Dans le même temps, la Coalition de l'opposition a annoncé la création prochaine d'un gouvernement en zone rebelle qui, selon des experts, devrait lui permettre de rattraper son retard sur les groupes islamistes implantés sur le terrain et pousser à l'action une communauté internationale récalcitrante.

Le chef de la Coalition, Ahmed Moaz al-Khatib, a affirmé que le retrait de l'opposition des réunions internationales était «un message de protestation adressé à tous les gouvernements du monde qui voient comment le peuple syrien est en train d'être tué et ne font que regarder».

Ce cri est lancé alors qu'aucune issue n'est en vue dans ce conflit qui a fait selon l'ONU plus de 70 000 morts en près de deux ans.

Assimilant le «silence international» à «une participation à la tuerie», l'opposition a dit qu'elle allait suspendre sa participation à la prochaine réunion des Amis du peuple syrien, prévue le 28 février à Rome, de même que ses visites en Russie, allié du régime de Bachar al-Assad, et aux États-Unis.

Elle a affirmé tenir en particulier aux dirigeants russes «pour responsables éthiquement et politiquement, car ils continuent à soutenir le régime par les armes».

M. Khatib était attendu dans les prochaines semaines à Moscou.
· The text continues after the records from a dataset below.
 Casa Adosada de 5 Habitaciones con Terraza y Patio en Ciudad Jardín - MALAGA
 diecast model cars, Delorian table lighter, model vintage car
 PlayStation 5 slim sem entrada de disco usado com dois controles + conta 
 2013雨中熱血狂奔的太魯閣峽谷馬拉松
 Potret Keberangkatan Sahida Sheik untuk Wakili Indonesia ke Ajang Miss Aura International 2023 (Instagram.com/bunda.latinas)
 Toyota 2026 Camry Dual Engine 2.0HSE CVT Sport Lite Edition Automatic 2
Il avait aussi été invité à Washington par le sous-secrétaire d'État William Burns.

«Nous ne pouvons visiter aucun pays s'il n'y a pas de décision claire concernant ce régime sauvage et barbare», a affirmé M. Khatib au Caire, en référence au régime de M. Assad.
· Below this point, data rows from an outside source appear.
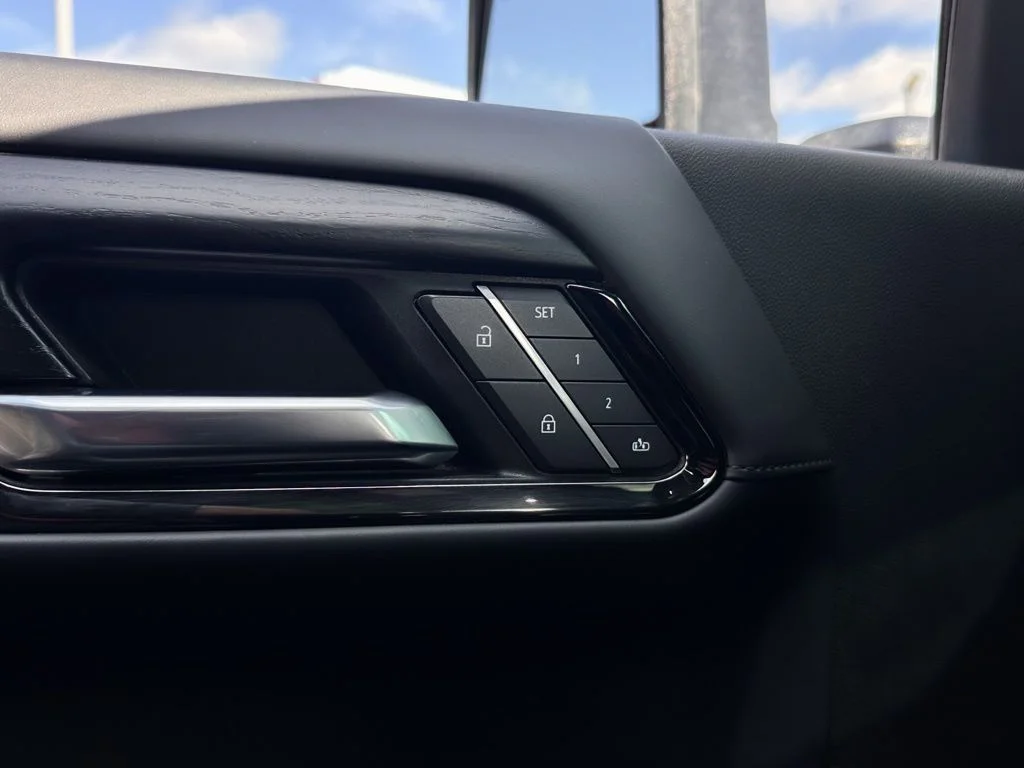 Used 2025 Silver GMC AT4X image 24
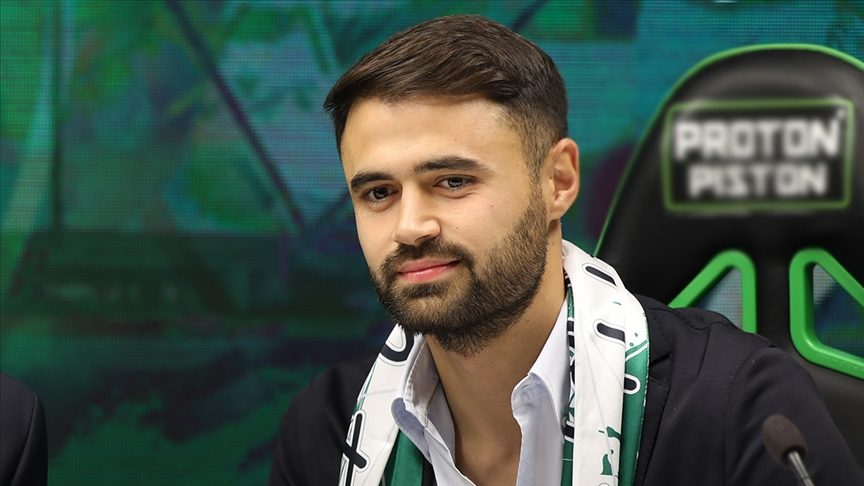 وفاة لاعب المنتخب التركي أحمد يلماز جاليك (الأناضول)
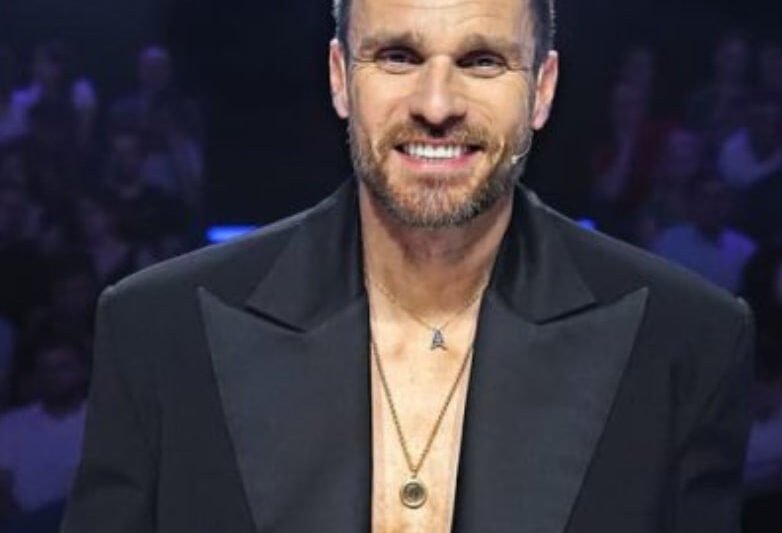 „Miliony a soukromí Leoše Mareše: Kolik skutečně vydělává a co zůstává skryté?“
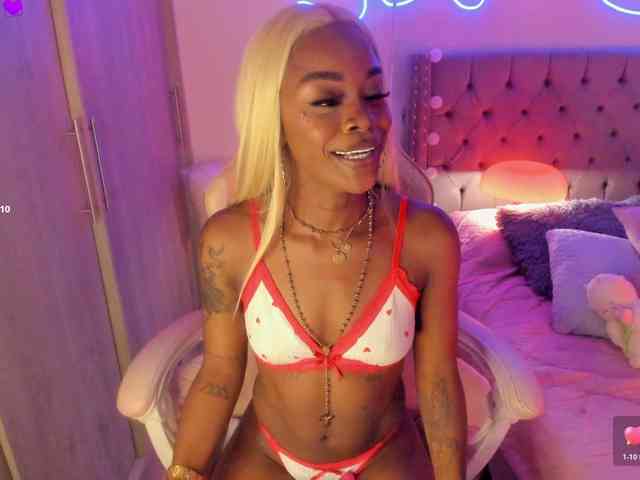 Miss-west webcam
Londres a appelé l'opposition à reconsidérer sa décision, affirmant préparer «une nouvelle offre de soutien à la Coalition à Rome».

«Si vous êtes nos vrais amis, aidez-nous à arrêter les massacres qui sont en train d'être commis contre notre peuple», a répliqué le porte-parole de la Coalition, Walid al-Bounni.

«Le gouvernement des États-Unis condamne dans les termes les plus forts les tirs de missiles contre Alep, l'attaque la plus récente ayant été lancée au moyen de Scuds sur un quartier de l'est de la ville», a déclaré la porte-parole du département d'État Victoria Nuland dans un communiqué.

«Nous attendons avec impatience de rencontrer les représentants légitimes du peuple syrien, la Coalition de l'opposition syrienne, afin de discuter de la manière avec laquelle les États-Unis et d'autres amis du peuple syrien peuvent faire plus pour l'aider à achever la transition politique qu'ils demandent et qu'ils méritent», a encore indiqué la porte-parole.

Un gouvernement «rebelle»

La Coalition, reconnue par plusieurs pays occidentaux comme le représentant légitime du peuple syrien, a aussi annoncé son intention de former un gouvernement chargé de gérer les territoires rebelles. Elle se réunira le 2 mars à Istanbul pour décider de la composition de ce cabinet «provisoire» et choisir son chef.

Souvent accusée d'être déconnectée du terrain, l'opposition «veut établir une présence en Syrie qui lui donnerait plus de crédibilité», a commenté Salman Shaikh, directeur du Brookings Doha Center.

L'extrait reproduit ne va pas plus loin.